There was no breakdown listing the number of Pierce County voters who have cast absentee ballots to date.

Wolfe said that if voters are concerned their ballot won’t arrive in time, they should make arrangements to drop their ballot off at their clerk’s office or at the polling place on Tuesday.

Wolfe also reminded voters to follow procedure: make sure the return envelope is signed and properly witnessed plus provide an address. If a signature or address is missing, the ballot cannot be counted.

Registered voters can still request absentee ballots through myvote.wi.gov. The deadline to request an absentee ballot is Thursday, Aug. 6.

Voters can also request absentee ballots by mailing, emailing or faxing their municipal clerk’s office. In-person absentee voting is also now available in municipal clerks’ offices.
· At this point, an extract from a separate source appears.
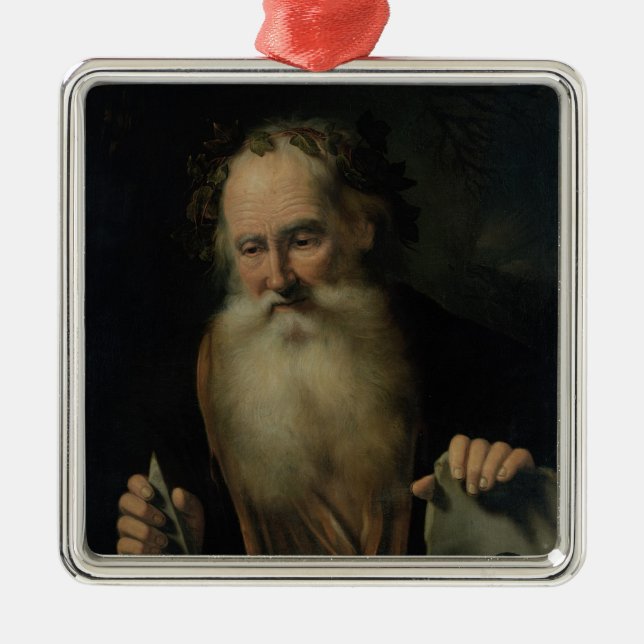 The Philosopher, 1686 Metal Tree Decoration (Front)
Some clerks offer in-person voting by appointment only.

Approximately 1.1 million Wisconsin citizens cast absentee ballots in the 2020 spring election. Of the 400,000 who went to the polls or worked them as an election judge, 71 definitely contracted COVID-19, according to the Department of Health Services' tracing. Social distancing was in place at that time through Gov. Tony Evers' Safer-at-Home order.

The pandemic is again prompting many people to vote early and avoid potential while standing in line on Aug. 11. Typically, 100,000 Wisconsinites have voted absentee in the partisan primary.